2

how can I put tweets in avro files and save them in HDFS using Spring XD? The docu only tells me to do the following:

xd:>stream create --name mydataset --definition "time | hdfs-dataset --batchSize=20" --deploy

This works fine for the source "time" but if I want to store tweets as avro it only puts the raw json Strings in the avro files, which is pretty dumb.

I could not find any detailed information about how to tell Spring XD to apply a specific Avro Schema (avsc) or convert the json String to Tweet object.

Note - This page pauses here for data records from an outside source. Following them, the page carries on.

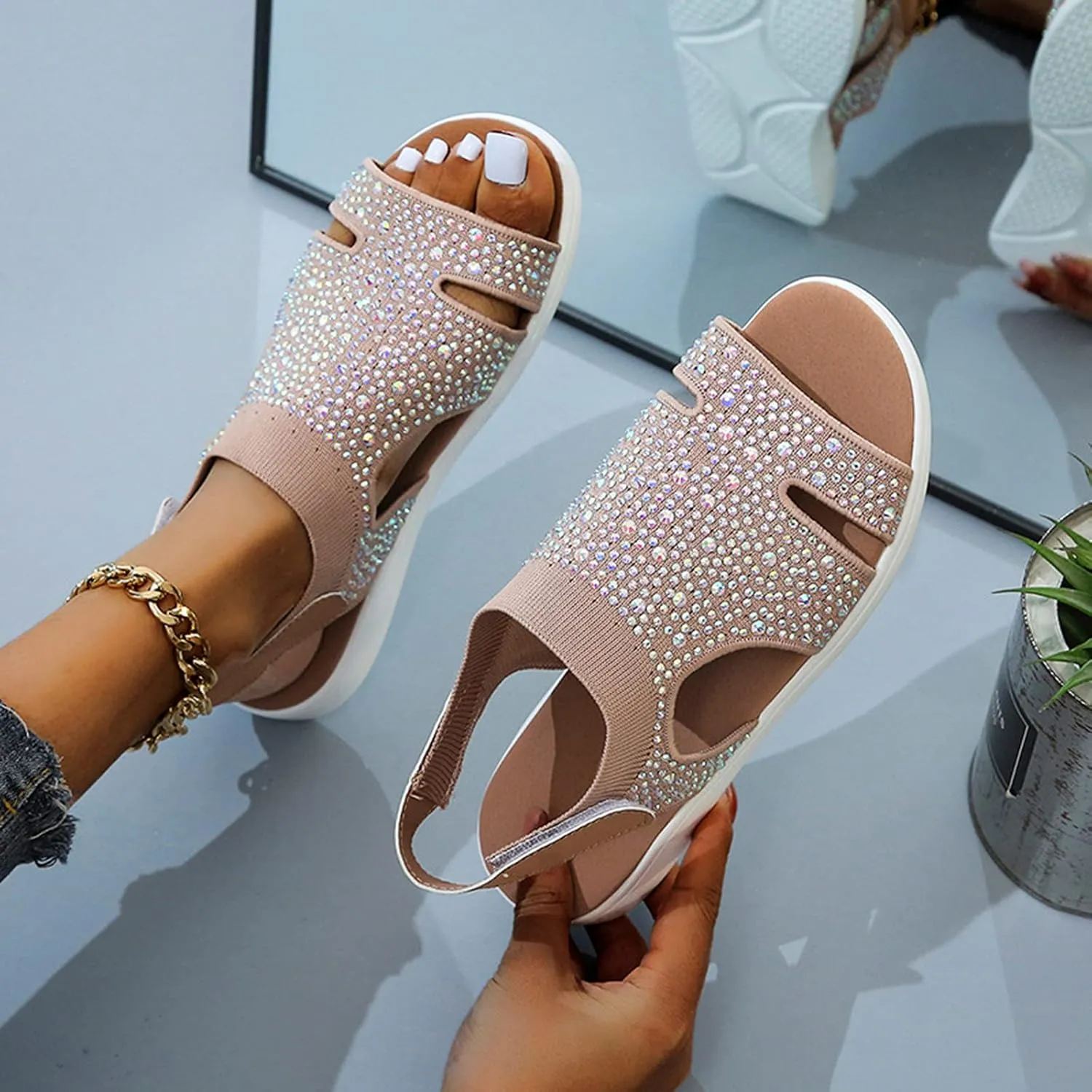 Women's Platform Sandals Open Toe Slip On Sandals Ankle Strap Slingbak Low Wedges Rhinestone Hollow Out Dress Shoes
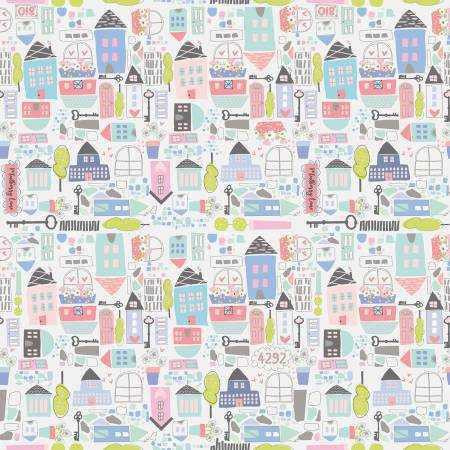 Riley Blake Designs Fabric - Mulberry Lane Houses Offwhite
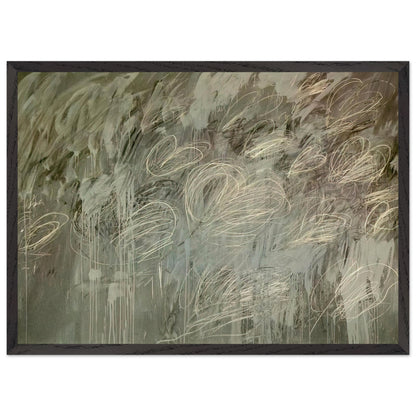 III Notes from Salalah (Note II) by Cy Twombly framed art print; featuring intricate ivory and pale gray looping lines across a richly layered background of muted olive green, gray; size 50 × 70 cm (20 × 28 in); black frame.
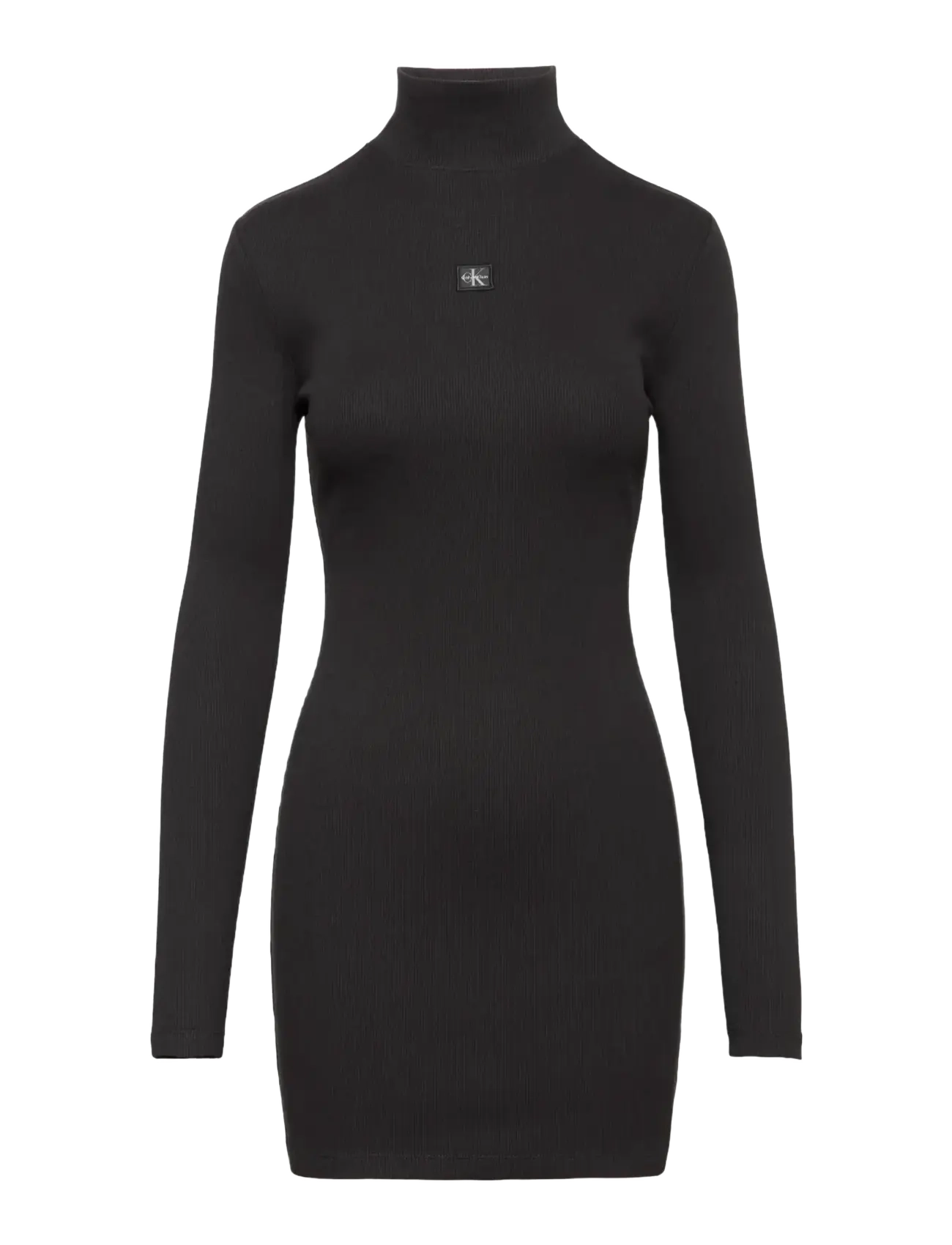 CALVIN KLEIN JEANS Ls Wvn Lbl 2X2 Rib Mini Kleid Schwarz - M - Damen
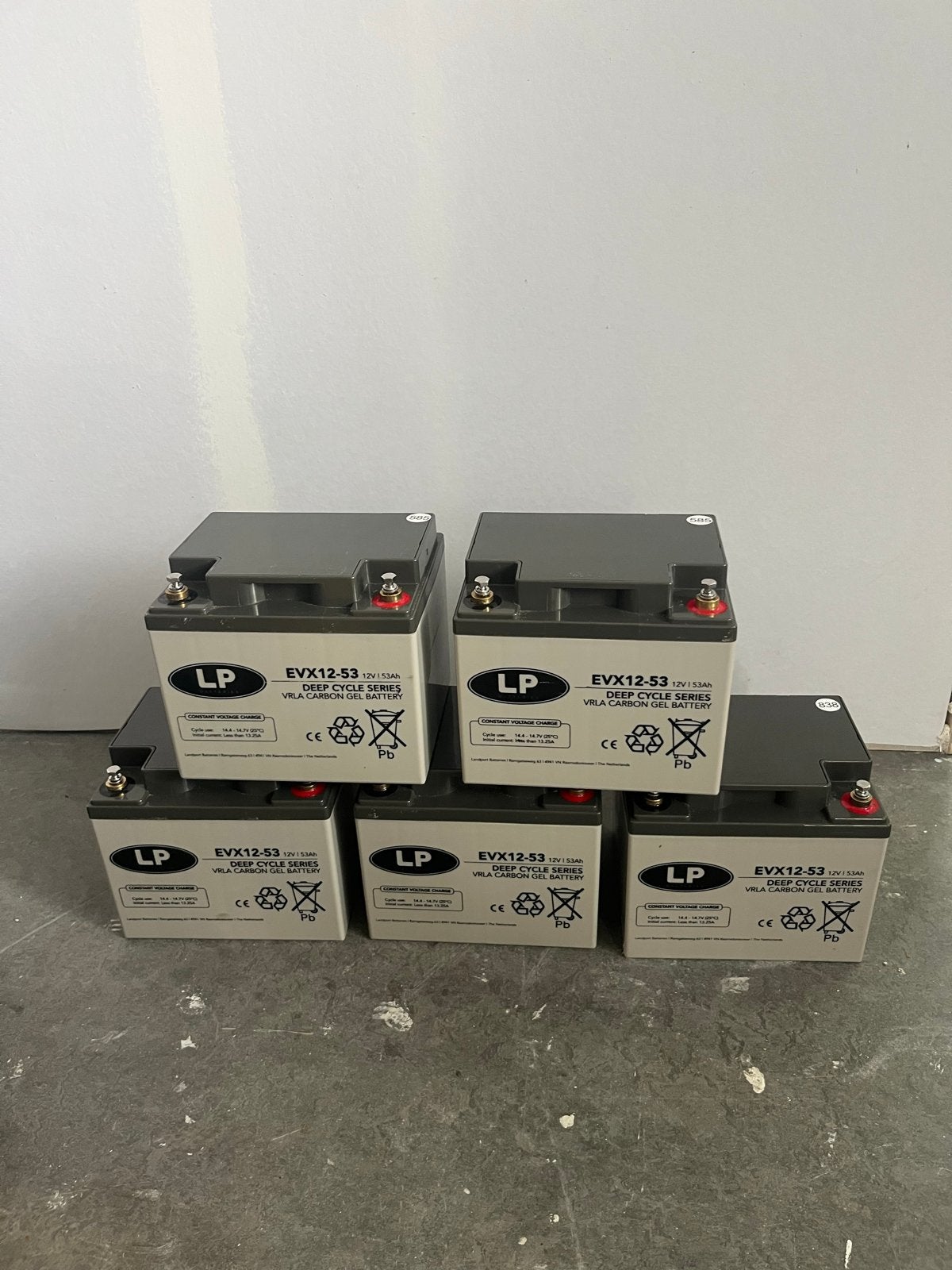 LP EVX12-53 Deep Cycle Series VRLA Carbon Gel Accu's, Ophalen of Verzenden, Zo goed als nieuw, Oplaadbaar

Do I have to build a custom converter?

Can somebody please help? This is driving me insane...

Thanks.

Tim
  • 127
  • 2
  • 8

1 Answers1

1

According to the hdfs-dataset documentation, Kite SDK is used to infer the AVRO schema based on the object you passed into it. From its perspective, you passed in a String, which is why it behaves as it does. Since there is no mechanism to explicitly pick a schema for hdfs-dataset to use, you'll have to create a Java Class representative of the tweet (or use the Twitter4J api), turn the tweet JSON into a Java object (a custom processor will be necessary), and output that to your sink. Hdfs-dataset will use a schema based on your class.

Brandon McKenzie
  • 1,655
  • 11
  • 26